Emergenza climatica
Cop25, l’ecodiplomazia ha fatto fallire il vertice a Madrid
Gli accordi di Parigi erano vistosamente insufficienti. Per due motivi: il primo è che, ove anche fossero stati integralmente rispettati, sono compatibili con un aumento della temperatura non di 1,5 °C o di 2,0 °C, bensì di 3,0 °. E in ogni caso quegli impegni erano solo morali, scritti sull’acqua. Prova ne sia che gli Stati uniti con Donald Trump li hanno denunciati senza pagare alcun dazio. E così hanno fatto, in buona sostanza, altri Paesi, ivi incluso quel Brasile di Jair Bolsonaro che ospita la più grande foresta tropicale del mondo: l’Amazzonia. A Parigi si era consapevoli di queste inefficienze. Per questo l’ecodiplomazia si diede appuntamento a Cop 26, cinque anni dopo, per fare il punto della situazione ed eventualmente intervenire con nuove azioni.
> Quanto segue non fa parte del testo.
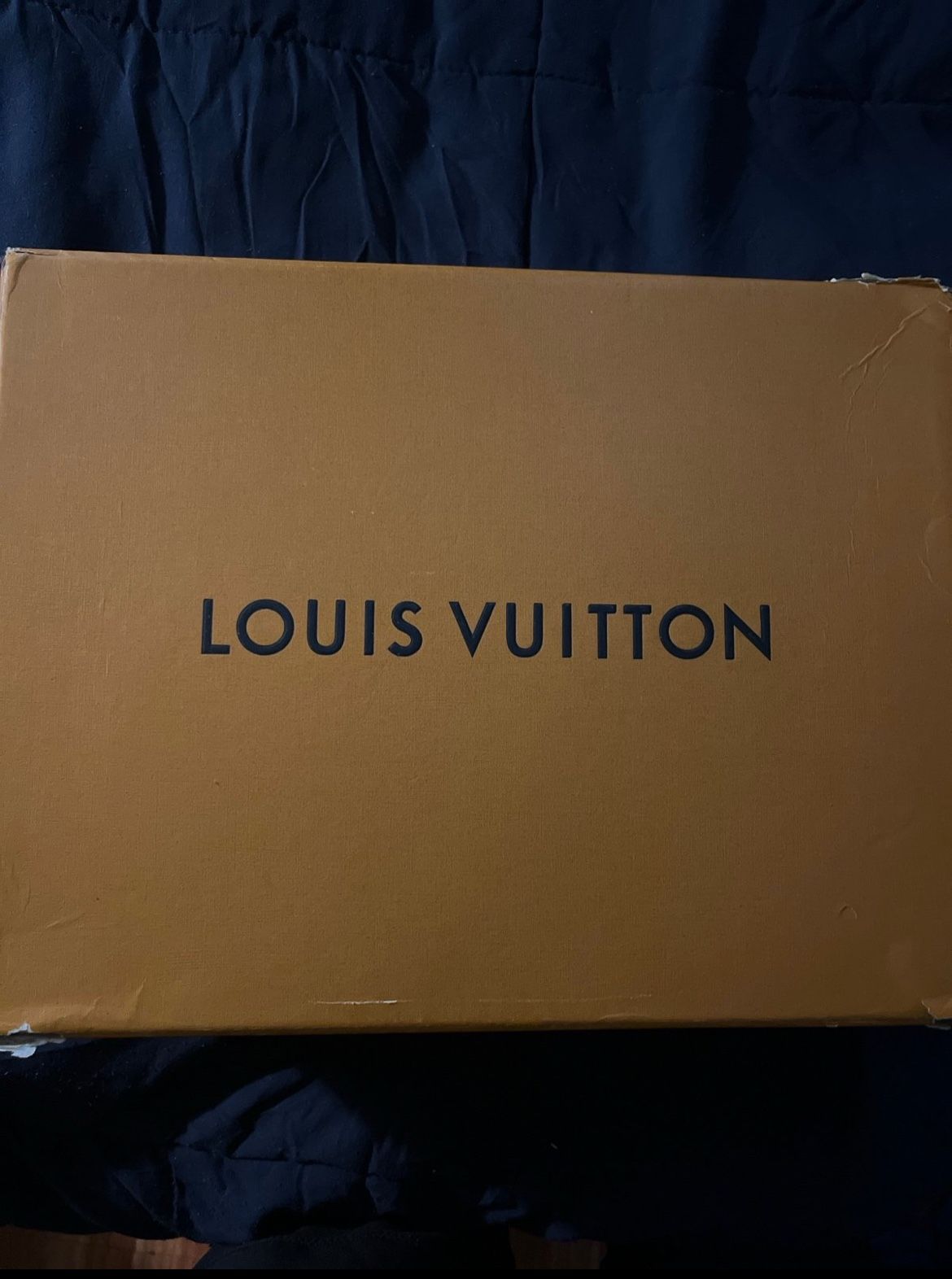 Louis Vuitton Shoes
Ora veniamo agli argomenti degli scienziati fatti propri da Greta (e dal suo movimento globale) e da Francesco I (e parte della sua chiesa), oltre che dalle tradizionali organizzazioni ambientaliste. Ebbene, negli ultimi quattro anni le conoscenze scientifiche sono aumentate. E non solo hanno ribadito gli scenari precedenti, ma ne hanno proposto uno ancora più drammatico. Se vogliamo restare sotto la soglia degli 1,5 °C – è scritto in un rapporto dell’Ipcc, il panel di scienziati che lavora per le Nazioni Unite, presentato nel novembre 2018 – dobbiamo fare in fretta: abbattere le emissioni di gas serra in maniera significativa entro il 2030 e raggiungere il traguardo “emissioni zero” entro il 2050.
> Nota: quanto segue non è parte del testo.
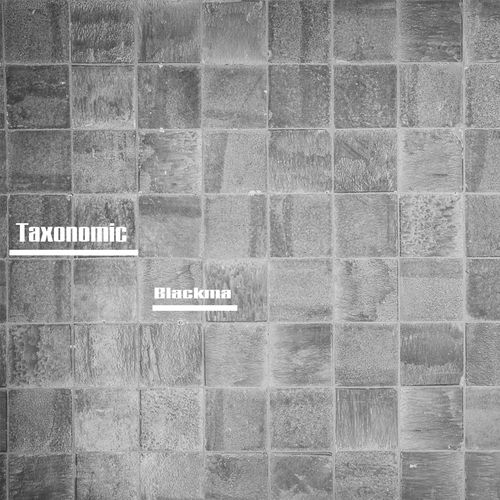 image cover: Taxonomic - Blackma / Looking to Jack Music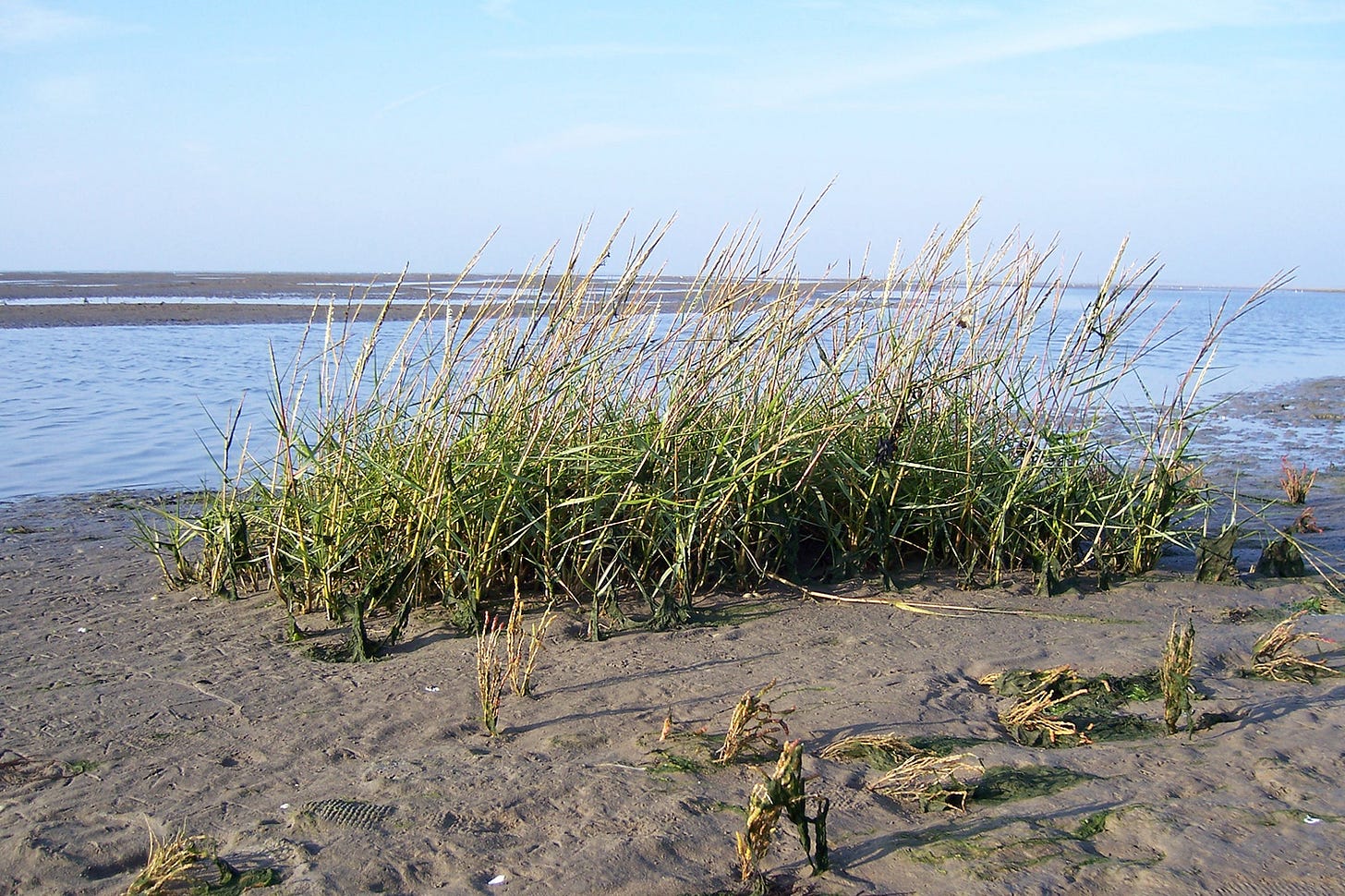 Sea grass growing on the sand near water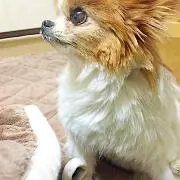 ポメラン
Detta in altri termini: dobbiamo cambiare rapidissimamente il paradigma energetico fondato sui combustibili fossili e proporne un altro, fondato su fonti rinnovabili e “carbon free”, senza emissioni di carbonio. Non è una proposta velleitaria: si può fare, con le tecnologie già a disposizione. Basta volerlo. Inutile dire che un simile cambio di paradigma tocca nel vivo interessi economici enormi. Quali sono le conseguenze se non rispettiamo l’obiettivo indicato dall’Ipcc? L’aumento della temperatura causa lo scioglimento dei ghiacci; l’aumento del livello dei mari (Venezia, da ultimo, ne sa qualcosa); l’erosione della biodiversità e la migrazione delle specie; esplosioni di nuove e vecchie malattie infettive; eventi meteorologici estremi sempre più frequenti e, appunto, estremi; migrazioni di milioni, forse di centinaia di milioni, di persone e latro ancora.
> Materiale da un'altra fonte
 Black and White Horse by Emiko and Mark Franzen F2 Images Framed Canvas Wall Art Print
Uno scenario decisamente non desiderabile. Uno scenario che impone rapidità di azione. Occorre fare presto, sostengono – anzi, implorano – gli scienziati. Madrid era l’occasione per accelerare. Invece tutto è rimasto fermo. Anzi, possiamo dire, che qualcosa è addirittura tornato indietro. L’unico passo avanti è stato fatto dall’Unione europea, che con la nuova presidente della Commissione, la tedesca Ursula van der Leyen, ha annunciato un piano di investimenti volti ad abbattere del 50% e possibilmente del 55% le emissioni dei Paesi dell’Unione entro il 2030 per poi raggiungere la “neutralità climatica” entro il 2050.